> [What to produce]
Transcribe the line containing "Volvo V70, 2012" and every line after it, exactly, through the end of the records.

> [Data records]
__________________________________________________

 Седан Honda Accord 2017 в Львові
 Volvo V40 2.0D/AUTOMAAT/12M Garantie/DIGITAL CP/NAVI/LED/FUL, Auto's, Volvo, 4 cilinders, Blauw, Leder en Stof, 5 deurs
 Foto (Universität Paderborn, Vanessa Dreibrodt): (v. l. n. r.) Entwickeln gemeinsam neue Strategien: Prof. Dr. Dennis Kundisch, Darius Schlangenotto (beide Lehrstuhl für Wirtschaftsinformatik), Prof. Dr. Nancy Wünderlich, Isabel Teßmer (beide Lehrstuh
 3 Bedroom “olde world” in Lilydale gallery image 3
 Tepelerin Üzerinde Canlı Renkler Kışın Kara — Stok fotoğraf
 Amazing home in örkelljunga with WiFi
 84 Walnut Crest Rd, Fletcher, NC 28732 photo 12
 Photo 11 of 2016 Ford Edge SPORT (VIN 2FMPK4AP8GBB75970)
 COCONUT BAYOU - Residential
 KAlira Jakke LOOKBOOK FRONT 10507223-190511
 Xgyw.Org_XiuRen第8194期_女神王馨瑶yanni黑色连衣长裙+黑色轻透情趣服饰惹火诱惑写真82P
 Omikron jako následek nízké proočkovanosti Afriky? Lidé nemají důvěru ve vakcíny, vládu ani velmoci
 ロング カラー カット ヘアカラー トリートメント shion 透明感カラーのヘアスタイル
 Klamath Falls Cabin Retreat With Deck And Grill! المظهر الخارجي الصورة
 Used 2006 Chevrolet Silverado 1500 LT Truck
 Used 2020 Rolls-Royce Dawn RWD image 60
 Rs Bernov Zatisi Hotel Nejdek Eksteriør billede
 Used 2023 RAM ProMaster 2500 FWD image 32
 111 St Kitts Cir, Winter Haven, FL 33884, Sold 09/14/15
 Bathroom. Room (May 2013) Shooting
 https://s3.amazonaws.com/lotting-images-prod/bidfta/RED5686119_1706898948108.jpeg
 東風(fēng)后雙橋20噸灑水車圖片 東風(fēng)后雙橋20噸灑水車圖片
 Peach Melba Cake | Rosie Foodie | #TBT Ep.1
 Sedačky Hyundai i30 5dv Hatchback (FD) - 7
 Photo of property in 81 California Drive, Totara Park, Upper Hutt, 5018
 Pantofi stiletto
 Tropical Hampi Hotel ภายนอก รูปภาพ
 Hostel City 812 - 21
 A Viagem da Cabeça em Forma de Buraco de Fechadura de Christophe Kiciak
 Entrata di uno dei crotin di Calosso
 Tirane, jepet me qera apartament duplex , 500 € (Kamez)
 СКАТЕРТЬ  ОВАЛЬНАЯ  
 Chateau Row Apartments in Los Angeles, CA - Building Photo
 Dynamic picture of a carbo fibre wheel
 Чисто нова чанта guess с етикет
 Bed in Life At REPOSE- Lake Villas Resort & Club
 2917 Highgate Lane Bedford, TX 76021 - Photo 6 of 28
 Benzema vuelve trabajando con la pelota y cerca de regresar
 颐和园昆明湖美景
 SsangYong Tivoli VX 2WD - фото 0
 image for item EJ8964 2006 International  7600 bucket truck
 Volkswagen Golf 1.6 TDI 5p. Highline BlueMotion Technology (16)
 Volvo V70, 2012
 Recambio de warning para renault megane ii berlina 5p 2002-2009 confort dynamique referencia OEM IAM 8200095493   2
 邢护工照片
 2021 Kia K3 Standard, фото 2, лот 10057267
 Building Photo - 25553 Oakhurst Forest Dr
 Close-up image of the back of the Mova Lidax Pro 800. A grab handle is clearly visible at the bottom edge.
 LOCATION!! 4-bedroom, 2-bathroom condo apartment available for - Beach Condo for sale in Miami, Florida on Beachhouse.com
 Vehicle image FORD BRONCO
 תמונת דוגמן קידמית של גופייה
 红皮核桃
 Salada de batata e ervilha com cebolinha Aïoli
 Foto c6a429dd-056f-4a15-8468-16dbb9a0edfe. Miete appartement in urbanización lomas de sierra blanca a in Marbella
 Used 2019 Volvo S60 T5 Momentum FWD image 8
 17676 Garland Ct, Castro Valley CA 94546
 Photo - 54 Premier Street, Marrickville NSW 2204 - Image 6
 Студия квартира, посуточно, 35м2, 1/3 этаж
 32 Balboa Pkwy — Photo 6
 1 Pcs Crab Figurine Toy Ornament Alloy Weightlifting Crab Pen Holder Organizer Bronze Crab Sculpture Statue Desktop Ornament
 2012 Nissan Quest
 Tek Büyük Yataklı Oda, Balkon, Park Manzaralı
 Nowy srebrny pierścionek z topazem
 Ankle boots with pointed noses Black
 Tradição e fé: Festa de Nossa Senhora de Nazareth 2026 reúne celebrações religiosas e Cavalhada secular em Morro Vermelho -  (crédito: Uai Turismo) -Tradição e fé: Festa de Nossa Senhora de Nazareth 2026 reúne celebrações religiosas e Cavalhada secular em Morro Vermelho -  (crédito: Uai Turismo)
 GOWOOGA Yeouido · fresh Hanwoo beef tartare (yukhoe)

__________________________________________________

> [Completed exercise]
 Volvo V70, 2012
 Recambio de warning para renault megane ii berlina 5p 2002-2009 confort dynamique referencia OEM IAM 8200095493   2
 邢护工照片
 2021 Kia K3 Standard, фото 2, лот 10057267
 Building Photo - 25553 Oakhurst Forest Dr
 Close-up image of the back of the Mova Lidax Pro 800. A grab handle is clearly visible at the bottom edge.
 LOCATION!! 4-bedroom, 2-bathroom condo apartment available for - Beach Condo for sale in Miami, Florida on Beachhouse.com
 Vehicle image FORD BRONCO
 תמונת דוגמן קידמית של גופייה
 红皮核桃
 Salada de batata e ervilha com cebolinha Aïoli
 Foto c6a429dd-056f-4a15-8468-16dbb9a0edfe. Miete appartement in urbanización lomas de sierra blanca a in Marbella
 Used 2019 Volvo S60 T5 Momentum FWD image 8
 17676 Garland Ct, Castro Valley CA 94546
 Photo - 54 Premier Street, Marrickville NSW 2204 - Image 6
 Студия квартира, посуточно, 35м2, 1/3 этаж
 32 Balboa Pkwy — Photo 6
 1 Pcs Crab Figurine Toy Ornament Alloy Weightlifting Crab Pen Holder Organizer Bronze Crab Sculpture Statue Desktop Ornament
 2012 Nissan Quest
 Tek Büyük Yataklı Oda, Balkon, Park Manzaralı
 Nowy srebrny pierścionek z topazem
 Ankle boots with pointed noses Black
 Tradição e fé: Festa de Nossa Senhora de Nazareth 2026 reúne celebrações religiosas e Cavalhada secular em Morro Vermelho -  (crédito: Uai Turismo) -Tradição e fé: Festa de Nossa Senhora de Nazareth 2026 reúne celebrações religiosas e Cavalhada secular em Morro Vermelho -  (crédito: Uai Turismo)
 GOWOOGA Yeouido · fresh Hanwoo beef tartare (yukhoe)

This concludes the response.